A este processo de transferência direta chama-se (mono) = única e (tipia) = impressão.
Devido ao fato da monotipia produzir somente uma única impressão ao invéz de impressões múltiplas, existe uma certa relutância por parte do mercado de arte de chamar a monotipia como gravura.
As segundas ou terceiras impressões tiradas desta mesma chapa denominam-se “fantasmas”.
As monotipias tiveram um grande incremento durante o século XIX, apesar de que os conhecimentos necessários para a feitura das mesmas já existirem desde o século XV.
Cerca de meados de 1960, dois pintores, Rembrandt van Rijn, em Amsterdã e Giovanini Benedetto Castiglione, em Genova, começaram a manipular a tinta de impressão nas chapas de suas gravuras, de modo a obterem uma impressão em tom contínuo, análogo às aguadas obtidas em uma aquarela (convem lembrar que àquela época ainda não se havia descoberto o processo da aguatinta).
A única prática de gravura existente àquela época que produzia um tom contínuo era o mezzotint, que ainda estava na sua infância.

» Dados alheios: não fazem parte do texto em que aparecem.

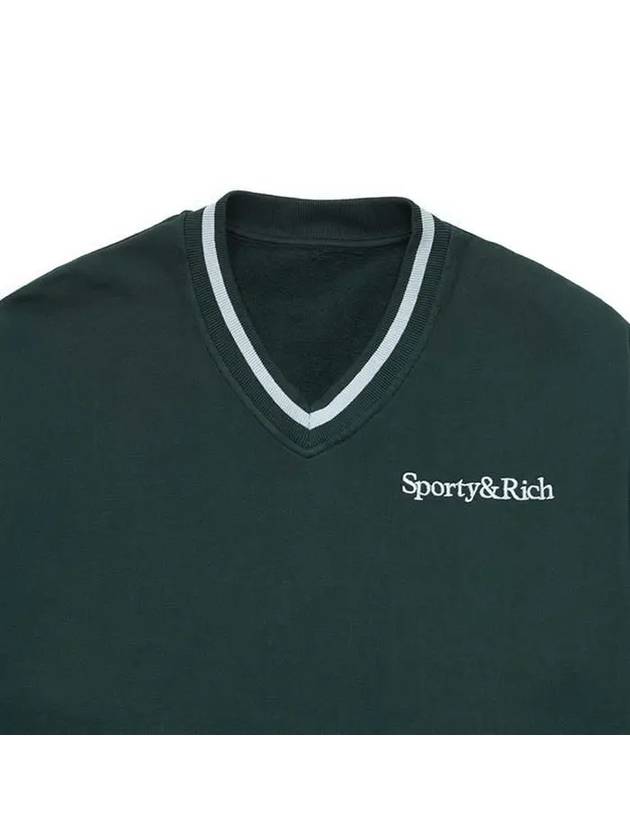 Serif Embroidered Logo V-Neck Sweatshirt Dark Green - SPORTY & RICH - BALAAN 4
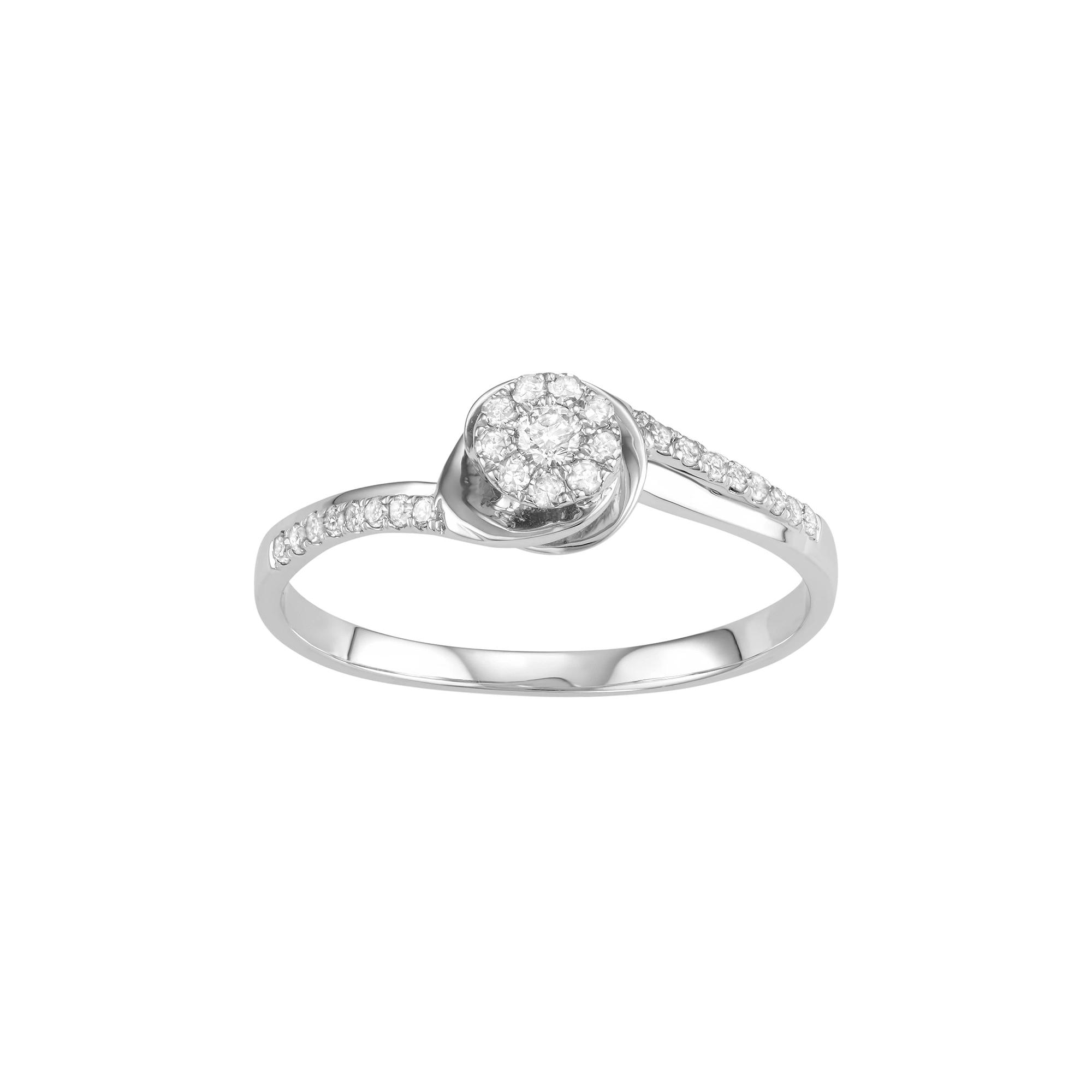 10k White Gold 1/5 Carat T.W. Diamond Bypass Engagement Ring, Women's, Size: 9 Product Image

Ambos se envolveram profundamente com as texturas da tinta e executaram centenas de desenhos usando pincéis e outros instrumentos que produziam pinceladas largas.

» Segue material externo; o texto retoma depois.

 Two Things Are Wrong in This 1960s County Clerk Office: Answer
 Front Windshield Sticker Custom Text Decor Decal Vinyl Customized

Em suas gravuras, ambos conseguiram efeitos tonais através do uso das rebarbas da ponta seca, de modo que a superfície da chapa apresentasse um tipo de abrasão, ou utilizando morsuras intencionais ou mesmo acidentais, tipo granular.
Uma diferença básica separa os dois: Rembrandt deixava uma película de tinta em certas áreas de suas chapas de cobre gravadas, enquanto Castiglione desenhou sobre a tinta aplicada em uma chapa de cobre. Foi, pois, Castiglione o primeiro artista a produzir realmente a verdadeira monotipia.
Entre
O maior inovador do processo e praticante da monotipia foi Edgar Degas, no século XIX. Camille Pissaro tomou conhecimento das monotipias de Degas na 3ª. Exibição dos Impressionistas, em 1877, e a partir daí eles tentaram combinações complexas em um projeto de gravuras (1879-1890).
Outros artistas juntos ao círculo de amizade de Degas e que tentaram a monotipia foram: Paul Gauguin, Mary Cassatt, Toulouse-Lautrec e Edouard Manet.
No século XX, artistas como Picasso, Matisse, Georges Rouault, Jean Dubuffet, Max Ernest, Paul Klee, Jasper Jones e Joan Miro, expandiram as possibilidades da monotipia.
Na América do Norte, diversos artistas também produziram monotipias, entre eles: Maurice Prendergast, Frank Duveneck, William Merritt Chase, Charles A. Walker, Robert Henri e John Sloan. No Brasil temos os trabalhos fantásticos de Mira Schendel que se destacaram muito nos ultimos anos.